Звонил швед, мой старый знакомый и, как мне тогда казалось, друг – до недавнего времени второй человек в гигантском концерне по производству упаковок продуктов. Бертиль. Подходила осень, на севере Швеции начиналась охота на лосей, и он по традиции приглашал меня принять в ней участие.
Я был тронут этим приглашением, которое ежегодно поступало мне с начала 80-х годов – сначала в Стокгольм, потом – в Прагу и вот теперь – в Лондон, но окончательного ответа Бертилю сразу не дал.

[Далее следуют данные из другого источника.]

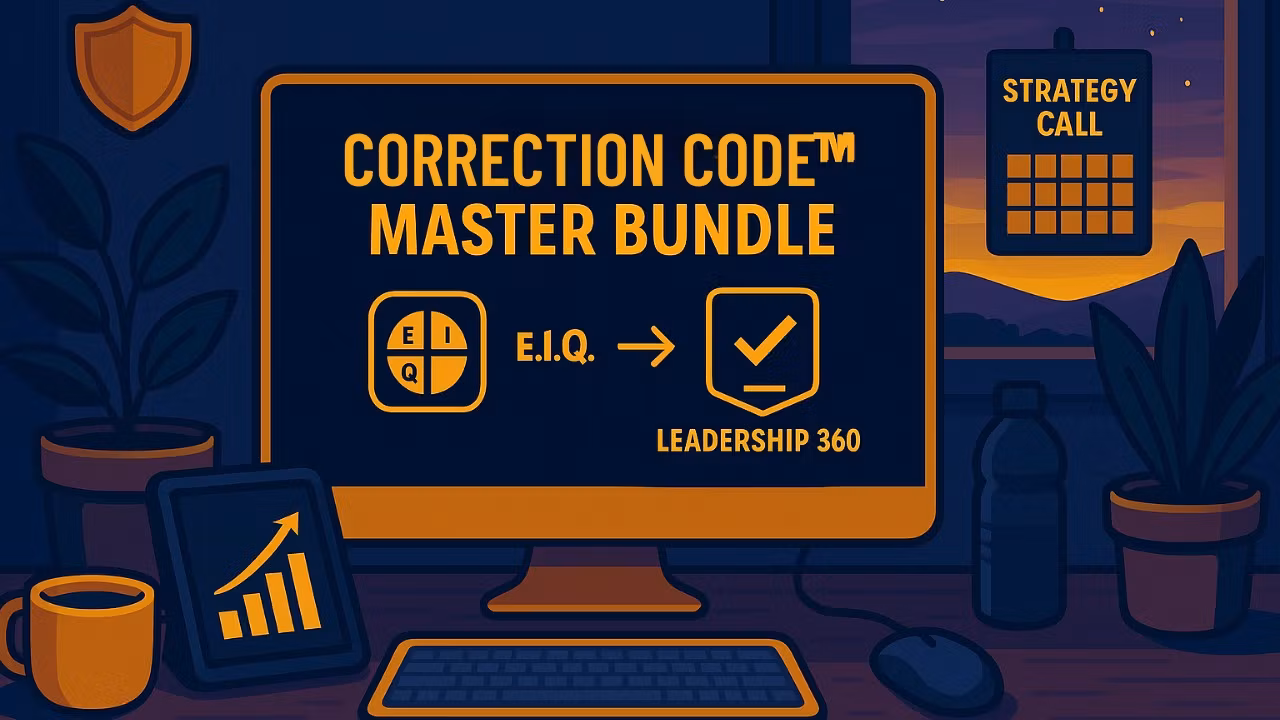  E.I.Q.+ Mastery™ (Tier 4)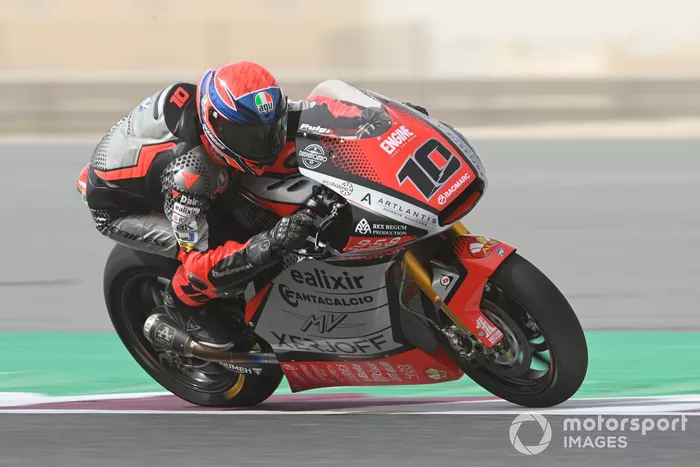 Tommaso Marcon, MV Agusta Forward Racing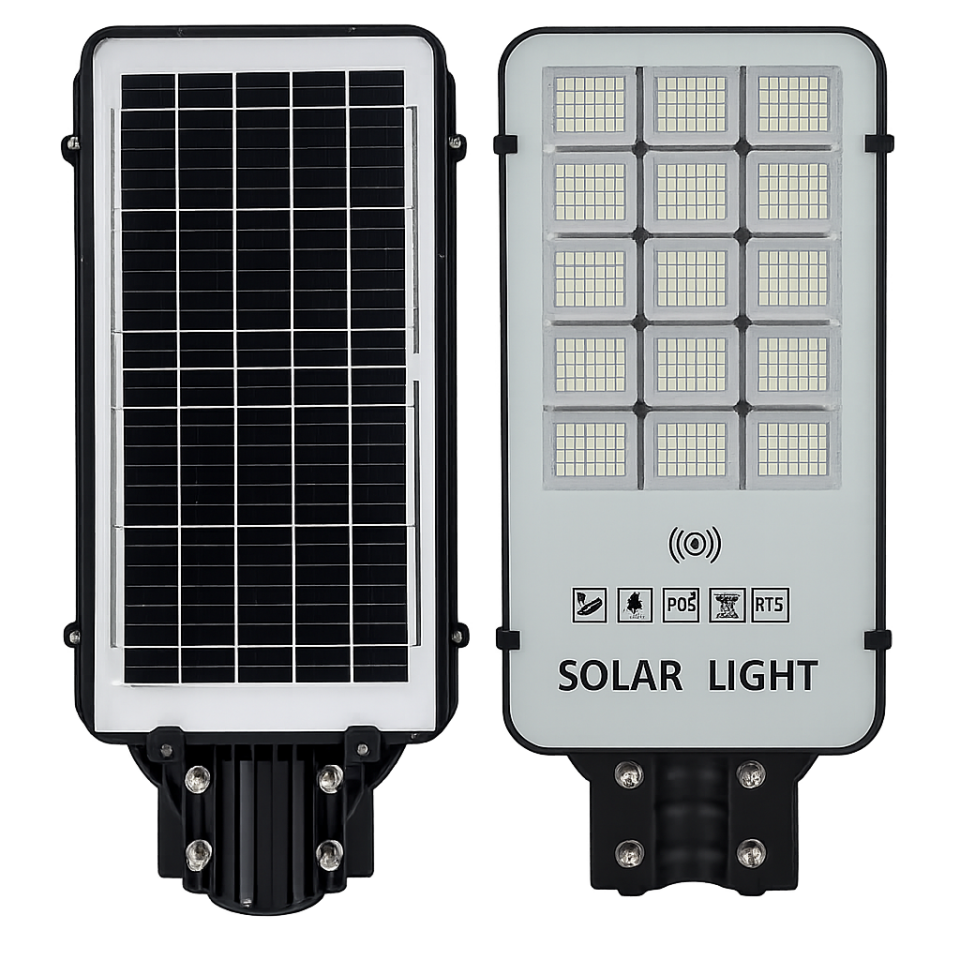 FORLİFE 300W SOLAR SOKAK ARMATÜRÜ FL-3194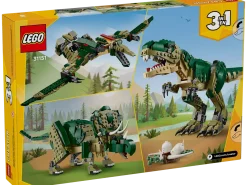LEGO Creator 3 in 1 31151 T. rex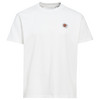 Heren T-shirt met stiksel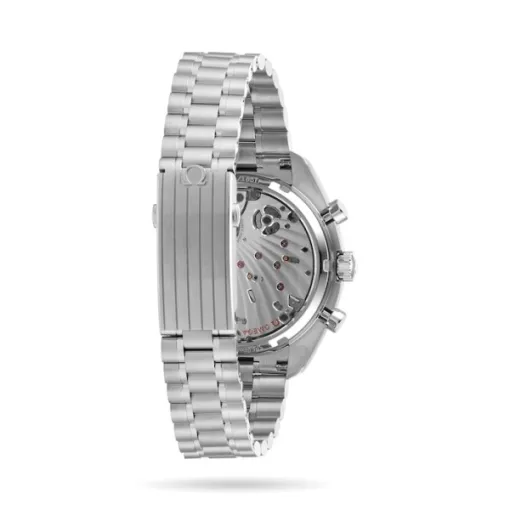 Omega Speedmaster Men Automatic Silver Stainless Steel Watch O32930435102001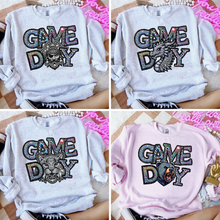 Load image into Gallery viewer, Game Day Rhinestone Mascots DROPDOWN TRANSFER CSD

Сослался, во-первых, на здоровье – только что перенес операцию по удалению камня из почки, и – туманно – на некоторые другие обстоятельства. Когда явно огорченный Бертиль со всей присущей ему деликатностью поинтересовался, что же это за обстоятельства, я дрогнул сердцем и, считая его душевным человеком, рассказал о публичной выходке Ельцина и своей реакции на нее. Другими словами, пересказал свое интервью в «Известиях».
Паузу на том конце провода, последовавшую за моей взволнованной тирадой, я посчитал выражением сочувствия.

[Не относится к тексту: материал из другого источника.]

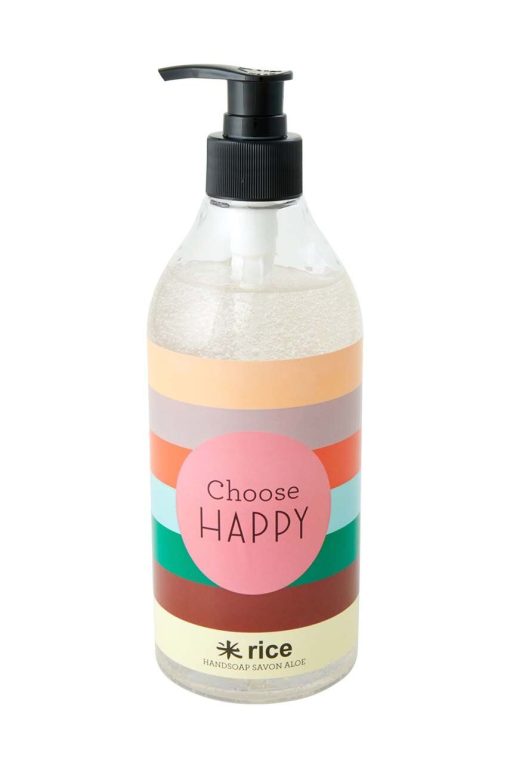 Rice sapun lichid Hand Soap with Aloe Scent 500 ml-Home SPA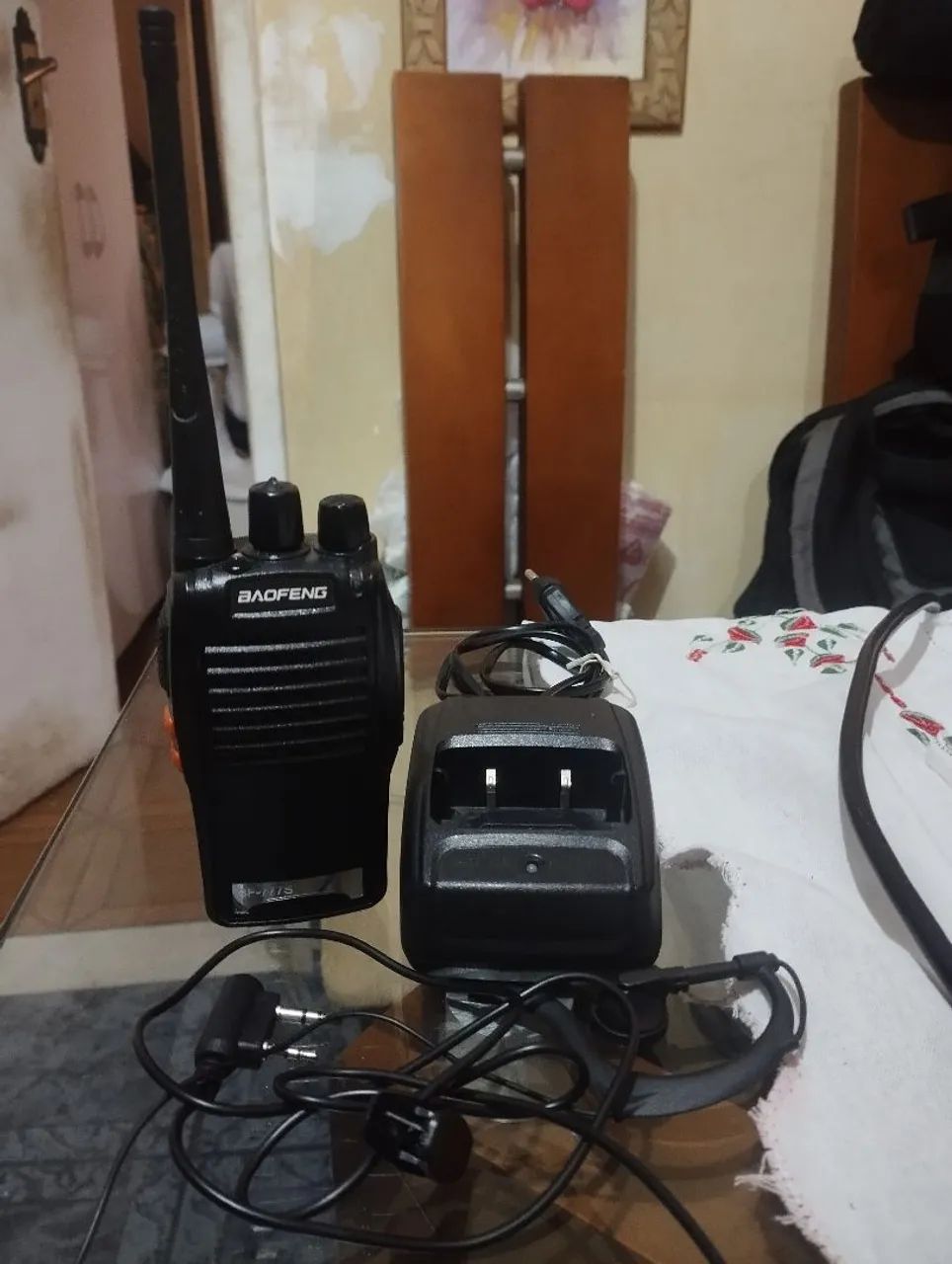 RÁDIO COMUNICADOR BAOFENG BF-777S - Foto 2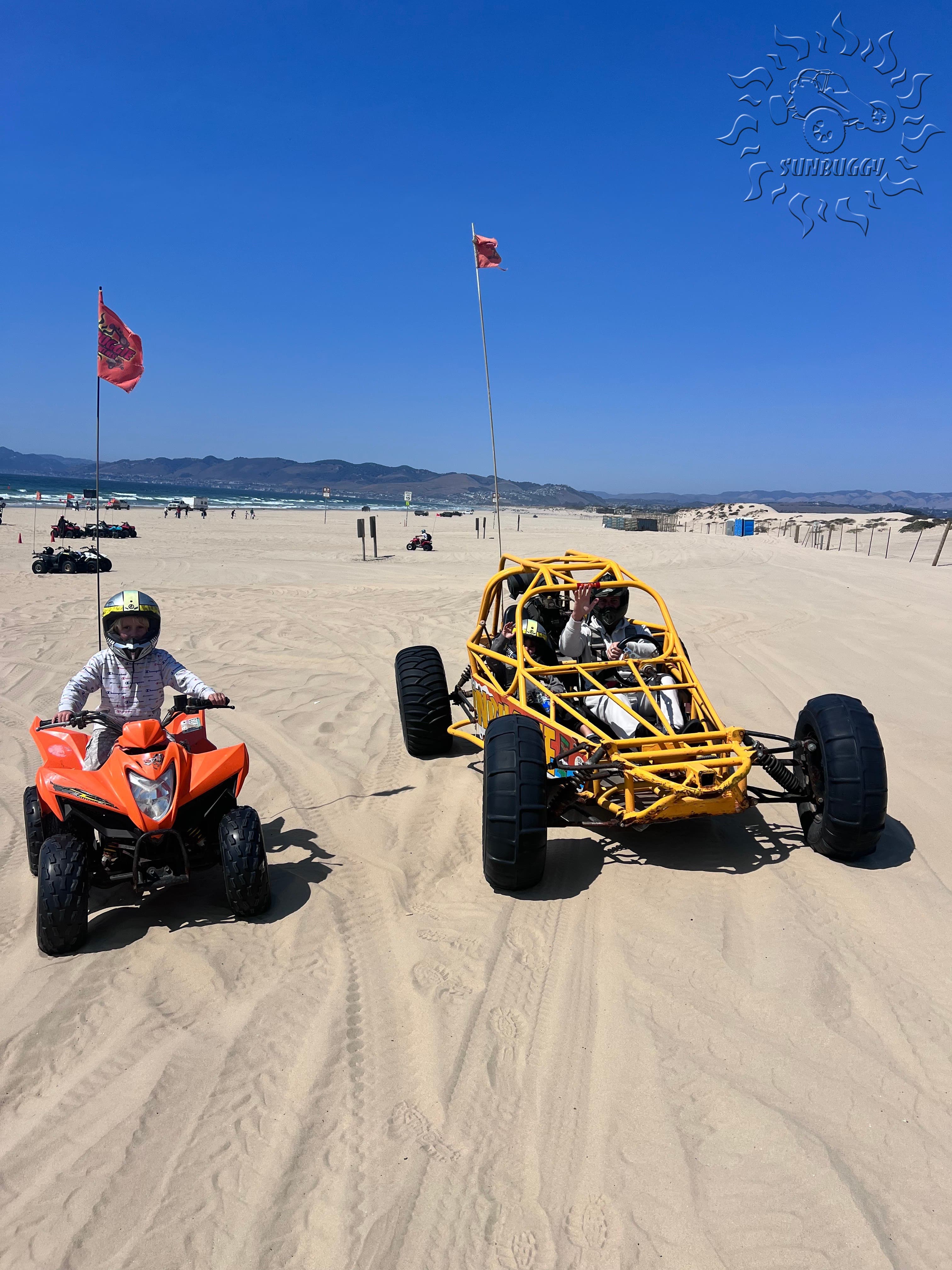 Pismo adventure photo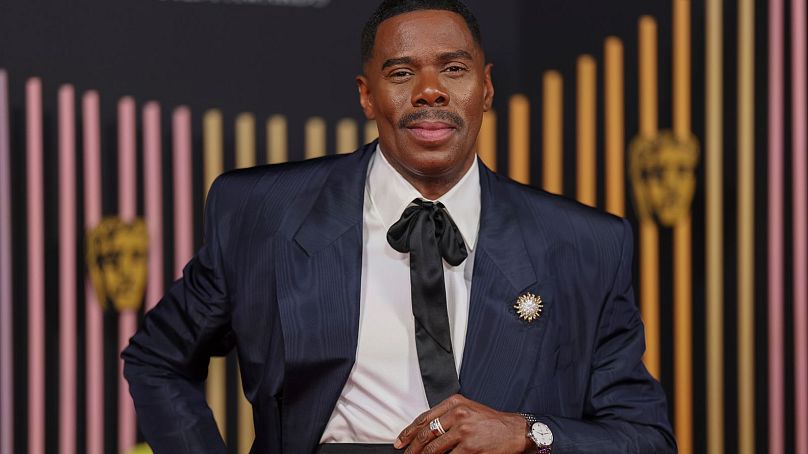 Colman Domingo à la 77e édition des BAFTA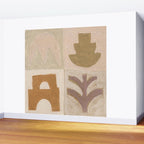 Tiles Wall Mural Gallery Image 2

Бертиль сказал, что позвонит мне через некоторое время, и положил трубку. С тех пор я ни разу больше не слышал и не видел его вплоть до недавних, спустя семь лет, дней, когда мы нечаянно столкнулись в респектабельном стокгольмском ресторане «Риш».
Я отмечал там с семьей памятную дату, а он зашел с друзьями поужинать. Нет, не позавидовал я ему, бедняге, когда он буквально наткнулся на нас и, сконфузясь, стал рассыпаться в комплиментах.
Этот первый, и в буквальном и переносном смысле, «звонок» не был последним.
Когда несколько месяцев спустя, уже обосновавшись более-менее в Стокгольме, мы с женой отправились по делам в старинный университетский Лунд, мы позвонили одной знакомой паре: он – бывший банковский чиновник, она – «Фру Лунд», дама, известная своими заботами о культурно-исторических объектах этого очаровательного города на юге страны. Договорились о дне и часе нашей встречи, но, когда подошли к их дому (каменный двухэтажный особнячок, уникальное сочетание старины и комфорта) и позвонили – нам не открыли. Сначала мы сами себе не поверили. Наверное, не слышат. Я жал и жал на кнопку звонка. Глухо. За окнами ни огонька, за дверями ни звука. Повернулись и пошли обратно в отель, который был в нескольких сотнях метров за углом. Пока шли, столько всего вспомнилось – шумные свойские «шведские столы», летом – сидение в крохотном внутреннем дворике под древней грушей с бокалом какого-то особо ароматного и хмельного напитка – секрет хозяйки. Озорные вылазки на университетские праздники – тоже по соседству – и дружеские застолья в нашей домашней резиденции в посольстве. Встречи на книжной ярмарке в Гетеборге, куда я пригласил их на представление моей книги «Сто оборванных дней»
В этот раз нам хоть позвонили. Постфактум. Уже в Стокгольм. Беспомощное бормотанье о каких-то недоразумениях, которые не позволили… Словом, понимай как хочешь, но больше лучше не беспокой…
А ведь нас столько связывало, и, казалось, надежно. Началось все с величавого Лундского собора, где «Фру Лунд» оказалась нашим, официальной посольской пары, гидом. Приглашение домой, потом – ответное приглашение в Стокгольм, в посольство… Дружеская переписка. Наше беспокойство о вызывающем тревогу здоровье главы дома, их неподдельный, казалось, интерес к перестройке в Советском Союзе, потом – России. К перипетиям нашей судьбы. Поздравления с одним назначением, другим…
Ну хорошо, говорили мы себе, моя жена и я. Тот, Бертиль, хоть лицо казенное, почти официальное. Хочет работать на российском рынке и боится, что контакты с отставным российским деятелем, в прошлом министром, послом в трех странах, могут осложнить ему бизнес….
А эти-то? Пенсионеры, интеллигенты, глубоко частный образ жизни. Им-то что грозит?